**Task details**
With the images removed, transcribe the listing that follows exactly.

**Given information**

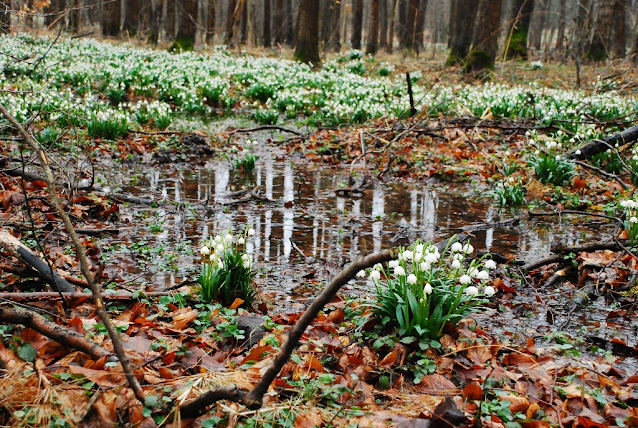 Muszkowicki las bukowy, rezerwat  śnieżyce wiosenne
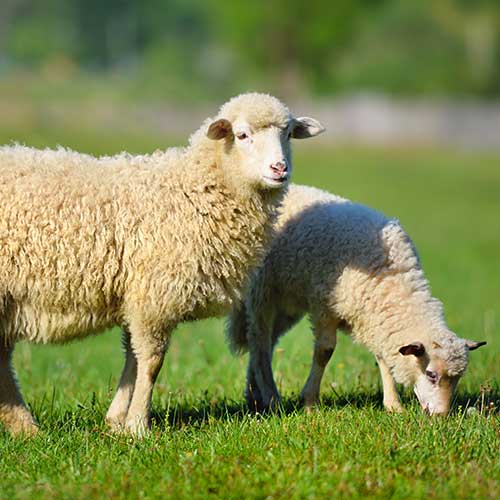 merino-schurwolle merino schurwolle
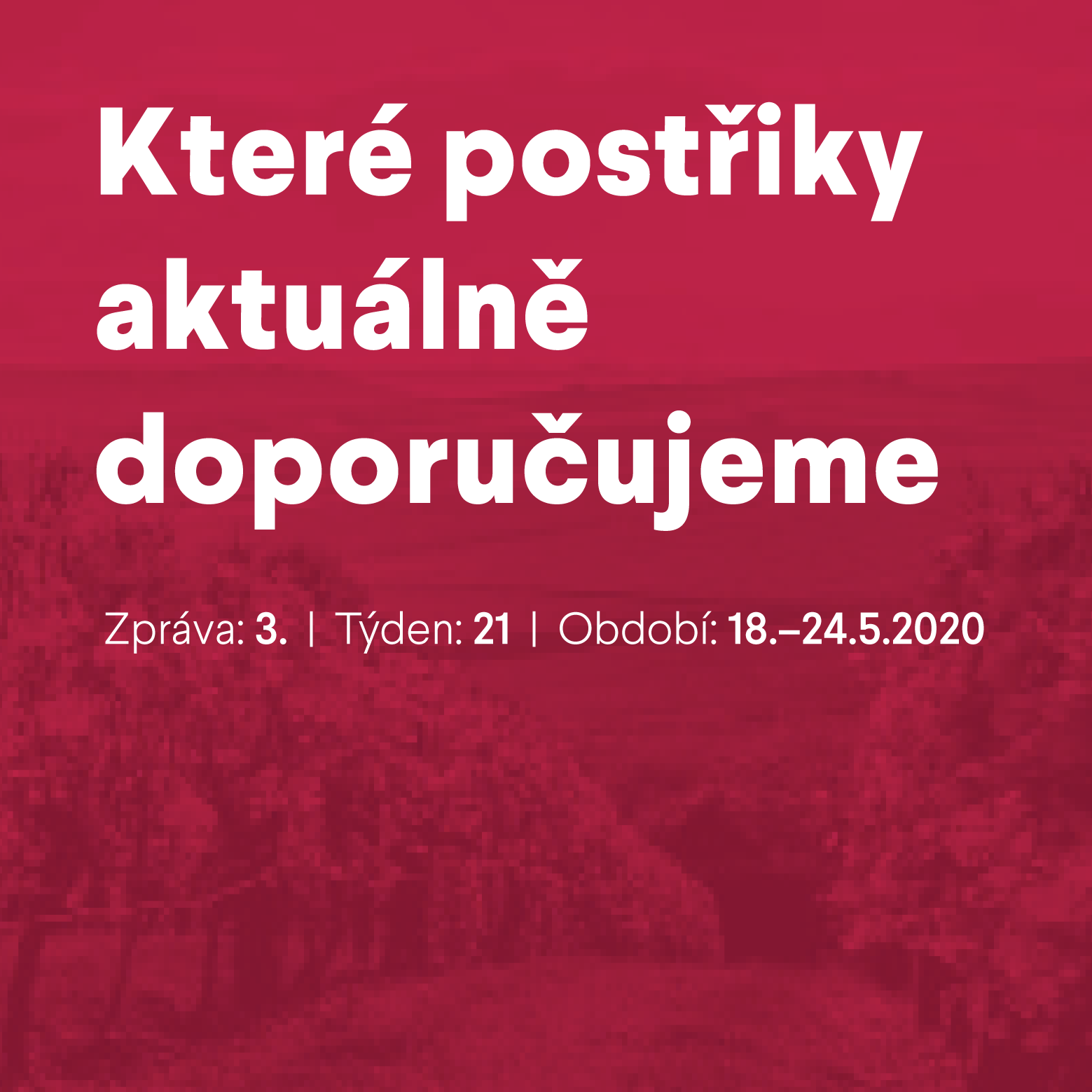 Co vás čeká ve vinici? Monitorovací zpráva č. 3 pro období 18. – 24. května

**Result**
 Muszkowicki las bukowy, rezerwat  śnieżyce wiosenne
 merino-schurwolle merino schurwolle
 Co vás čeká ve vinici? Monitorovací zpráva č. 3 pro období 18. – 24. května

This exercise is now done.